In 1947 verhuist het gezin naar Memphis, Tennessee. Op Beale Street ontmoet hij andere artiesten in de dop, onder wie B.B. King, Rosco Gordon, Junior Parker en Johnny Ace. Bland gaat het leger in en als Bland in 1954 terugkeert naar Memphis ziet hij dat enkele van zijn vroegere muziekvrienden, onder wie Johnny Ace, succes genieten. Bland sluit zich aan bij Ace en keert terug bij Duke Records. In 1956 begint Bland met Junior Parker te toeren door het “chitlin’ circuit” (plekken waar het voor zwarte Amerikaanse artiesten veilig was om op te treden in gesegregeerd Amerika) onder de naam Blues Consolidated. Aanvankelijk is Bland ook Parker’s chauffeur en assistent, een rol die hij ook voor B.B. King en Rosco Gordon heeft vervuld.
Bland’s eerste succes in de VS komt in 1957 met een nummer 1-notering voor “Farther Up The Road” op de R&B-lijst gevolgd door vele andere R&B-noteringen, waaronder “I’ll Take Care Of You”, het vaak gecoverde “Turn On Your Love Light”, “Cry, Cry, Cry” en de nummer-1-hit “I Pity The Fool” uit 1961. Blands laatste nummer-1-notering in de R&B-lijst was voor “That’s the Way Love Is” uit 1963. Ook al is de blues in de jaren zestig erg populair onder wit rockpubliek, Bland weet hier niet van te profiteren.
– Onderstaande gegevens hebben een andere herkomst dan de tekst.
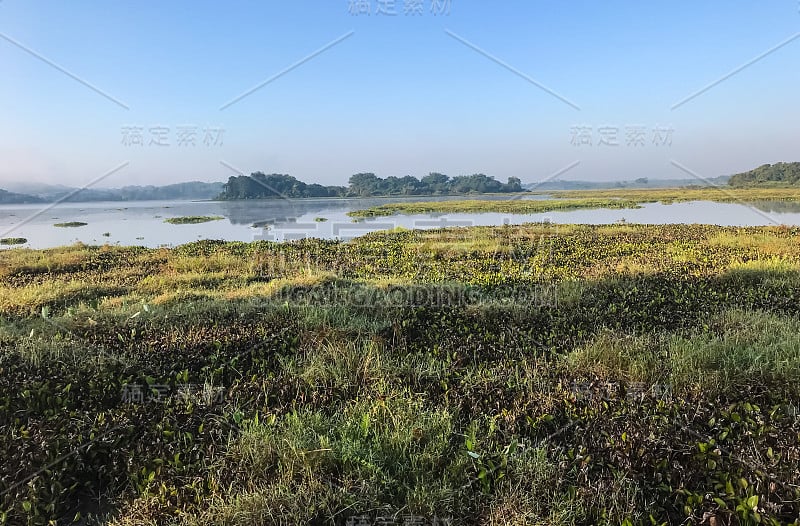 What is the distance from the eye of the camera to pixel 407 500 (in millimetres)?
2371

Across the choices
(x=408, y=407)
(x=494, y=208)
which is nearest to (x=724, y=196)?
(x=494, y=208)

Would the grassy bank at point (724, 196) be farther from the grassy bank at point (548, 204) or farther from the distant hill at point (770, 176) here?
the distant hill at point (770, 176)

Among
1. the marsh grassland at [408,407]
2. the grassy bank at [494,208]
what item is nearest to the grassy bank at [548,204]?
the grassy bank at [494,208]

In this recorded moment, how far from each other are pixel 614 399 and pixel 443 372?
1344mm

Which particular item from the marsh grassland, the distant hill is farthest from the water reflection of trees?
the distant hill

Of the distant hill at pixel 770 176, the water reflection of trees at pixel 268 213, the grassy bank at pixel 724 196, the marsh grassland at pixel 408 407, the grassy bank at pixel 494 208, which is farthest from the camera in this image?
the distant hill at pixel 770 176

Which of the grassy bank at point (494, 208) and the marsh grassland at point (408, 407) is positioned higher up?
the grassy bank at point (494, 208)

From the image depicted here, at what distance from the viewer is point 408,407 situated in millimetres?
3121

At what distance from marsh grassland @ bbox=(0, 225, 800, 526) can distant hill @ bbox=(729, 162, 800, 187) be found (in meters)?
96.2

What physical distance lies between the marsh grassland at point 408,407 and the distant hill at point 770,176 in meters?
96.2

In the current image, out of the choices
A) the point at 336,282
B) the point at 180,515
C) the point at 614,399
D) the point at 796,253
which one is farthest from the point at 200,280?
the point at 796,253

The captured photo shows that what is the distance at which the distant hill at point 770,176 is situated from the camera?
80250 mm

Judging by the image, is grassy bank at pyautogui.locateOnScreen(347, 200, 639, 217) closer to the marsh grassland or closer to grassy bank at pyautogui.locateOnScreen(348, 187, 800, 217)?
grassy bank at pyautogui.locateOnScreen(348, 187, 800, 217)

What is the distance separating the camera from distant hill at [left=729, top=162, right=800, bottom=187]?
80.2 metres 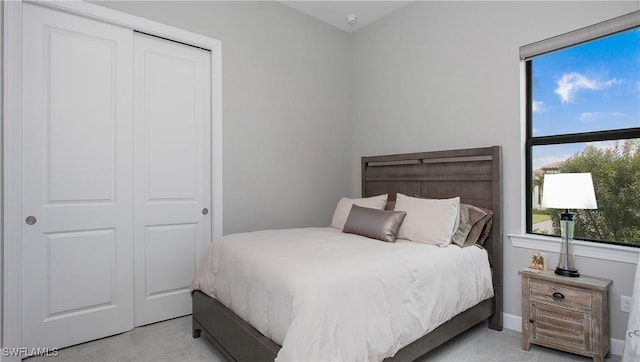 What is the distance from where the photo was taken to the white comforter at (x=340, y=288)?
151cm

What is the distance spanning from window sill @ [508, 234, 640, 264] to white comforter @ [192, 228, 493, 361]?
1.28ft

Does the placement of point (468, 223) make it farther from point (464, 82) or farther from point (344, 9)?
point (344, 9)

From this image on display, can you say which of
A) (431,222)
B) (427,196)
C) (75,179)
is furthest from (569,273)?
(75,179)

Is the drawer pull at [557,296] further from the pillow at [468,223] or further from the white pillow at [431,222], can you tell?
the white pillow at [431,222]

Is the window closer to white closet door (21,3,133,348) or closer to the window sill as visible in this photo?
the window sill

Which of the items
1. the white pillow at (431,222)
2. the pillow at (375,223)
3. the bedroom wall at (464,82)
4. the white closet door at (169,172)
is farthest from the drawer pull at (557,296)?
the white closet door at (169,172)

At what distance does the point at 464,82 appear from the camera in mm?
3012

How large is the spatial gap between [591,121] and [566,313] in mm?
1354

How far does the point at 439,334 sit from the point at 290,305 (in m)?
1.12

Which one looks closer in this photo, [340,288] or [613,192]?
[340,288]

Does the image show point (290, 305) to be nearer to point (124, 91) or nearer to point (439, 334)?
point (439, 334)

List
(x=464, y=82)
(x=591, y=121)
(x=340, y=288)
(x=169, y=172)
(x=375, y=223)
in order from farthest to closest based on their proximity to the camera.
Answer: (x=464, y=82)
(x=169, y=172)
(x=375, y=223)
(x=591, y=121)
(x=340, y=288)

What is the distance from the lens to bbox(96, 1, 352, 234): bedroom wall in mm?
3141

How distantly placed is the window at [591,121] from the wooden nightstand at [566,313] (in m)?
0.47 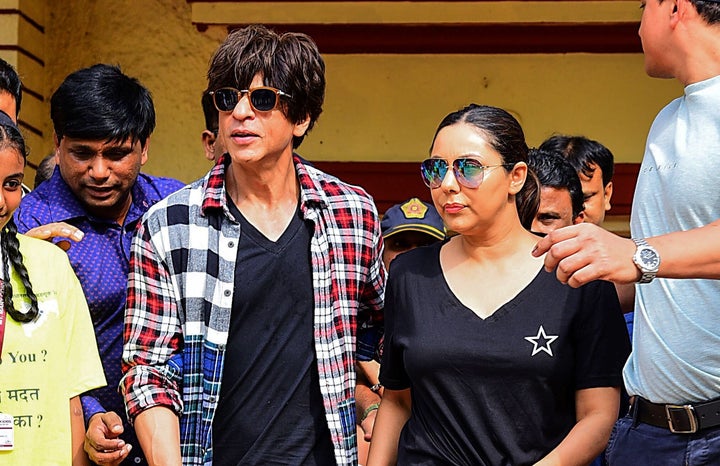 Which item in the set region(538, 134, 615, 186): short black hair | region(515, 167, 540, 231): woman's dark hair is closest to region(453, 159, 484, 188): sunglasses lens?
region(515, 167, 540, 231): woman's dark hair

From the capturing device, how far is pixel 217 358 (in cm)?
307

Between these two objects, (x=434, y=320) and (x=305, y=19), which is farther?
(x=305, y=19)

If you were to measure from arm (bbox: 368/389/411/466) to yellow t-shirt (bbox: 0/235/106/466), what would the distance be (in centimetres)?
77

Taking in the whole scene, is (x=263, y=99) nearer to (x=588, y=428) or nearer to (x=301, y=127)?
(x=301, y=127)

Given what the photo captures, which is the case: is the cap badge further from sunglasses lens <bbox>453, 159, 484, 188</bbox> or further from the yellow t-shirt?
the yellow t-shirt

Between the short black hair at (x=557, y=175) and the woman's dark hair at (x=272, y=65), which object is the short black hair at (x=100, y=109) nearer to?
the woman's dark hair at (x=272, y=65)

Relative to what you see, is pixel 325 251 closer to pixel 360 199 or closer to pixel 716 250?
pixel 360 199

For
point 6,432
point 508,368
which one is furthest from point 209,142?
point 508,368

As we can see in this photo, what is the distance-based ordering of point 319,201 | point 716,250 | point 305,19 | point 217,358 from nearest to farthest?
point 716,250 → point 217,358 → point 319,201 → point 305,19

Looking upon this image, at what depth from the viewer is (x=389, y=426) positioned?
321 cm

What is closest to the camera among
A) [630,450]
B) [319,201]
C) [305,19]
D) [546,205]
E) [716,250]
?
[716,250]

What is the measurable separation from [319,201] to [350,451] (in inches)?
27.7

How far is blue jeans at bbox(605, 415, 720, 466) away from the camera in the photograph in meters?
2.71

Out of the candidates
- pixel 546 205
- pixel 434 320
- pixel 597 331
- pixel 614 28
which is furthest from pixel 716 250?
pixel 614 28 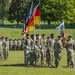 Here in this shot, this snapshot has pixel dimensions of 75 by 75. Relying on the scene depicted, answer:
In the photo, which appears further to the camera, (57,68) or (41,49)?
(41,49)

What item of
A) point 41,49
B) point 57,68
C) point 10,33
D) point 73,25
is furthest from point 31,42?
point 73,25

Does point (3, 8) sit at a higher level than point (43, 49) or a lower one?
higher

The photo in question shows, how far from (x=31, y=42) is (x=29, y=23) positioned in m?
1.42

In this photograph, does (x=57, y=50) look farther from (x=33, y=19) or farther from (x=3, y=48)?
(x=3, y=48)

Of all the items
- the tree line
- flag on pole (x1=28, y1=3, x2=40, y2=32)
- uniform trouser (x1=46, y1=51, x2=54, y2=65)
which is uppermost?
the tree line

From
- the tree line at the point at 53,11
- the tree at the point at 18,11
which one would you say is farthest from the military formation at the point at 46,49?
the tree at the point at 18,11

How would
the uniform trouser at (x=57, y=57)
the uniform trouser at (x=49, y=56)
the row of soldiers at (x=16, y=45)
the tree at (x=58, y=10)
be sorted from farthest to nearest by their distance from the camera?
the tree at (x=58, y=10) < the row of soldiers at (x=16, y=45) < the uniform trouser at (x=49, y=56) < the uniform trouser at (x=57, y=57)

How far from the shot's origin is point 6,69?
21125 millimetres

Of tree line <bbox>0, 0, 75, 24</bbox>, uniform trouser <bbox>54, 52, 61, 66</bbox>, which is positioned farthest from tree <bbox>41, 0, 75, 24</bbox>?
uniform trouser <bbox>54, 52, 61, 66</bbox>

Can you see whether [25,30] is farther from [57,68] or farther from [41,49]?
[57,68]

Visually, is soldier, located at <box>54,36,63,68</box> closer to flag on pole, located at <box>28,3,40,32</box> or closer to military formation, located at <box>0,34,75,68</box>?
military formation, located at <box>0,34,75,68</box>

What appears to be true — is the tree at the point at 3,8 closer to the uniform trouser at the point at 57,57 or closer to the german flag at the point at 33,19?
the german flag at the point at 33,19

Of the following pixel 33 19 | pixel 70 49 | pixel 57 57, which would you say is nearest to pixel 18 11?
pixel 33 19

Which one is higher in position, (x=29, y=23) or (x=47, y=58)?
(x=29, y=23) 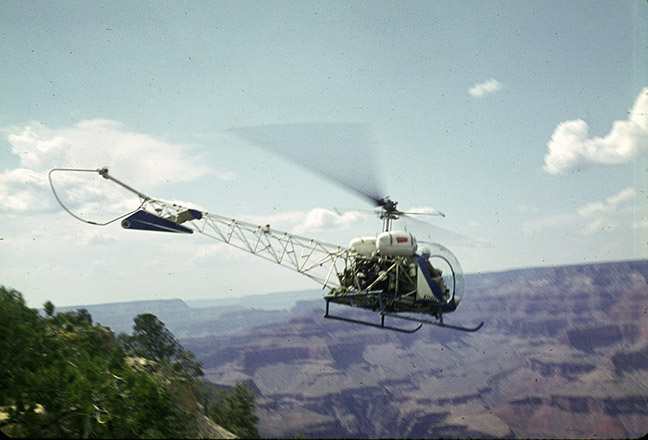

Deels omdat zijn muziek te smooth is voor tieners die gitaarsolo’s willen en deels omdat Robey zoveel te zeggen had. Als de twee ruzie krijgen in 1968, raakt Bland zijn band kwijt. Bobby moet voor 2 maanden naar de gevangenis omdat hij geen alimentatie betaalt, kampt met alcoholisme en raakt in een depressie.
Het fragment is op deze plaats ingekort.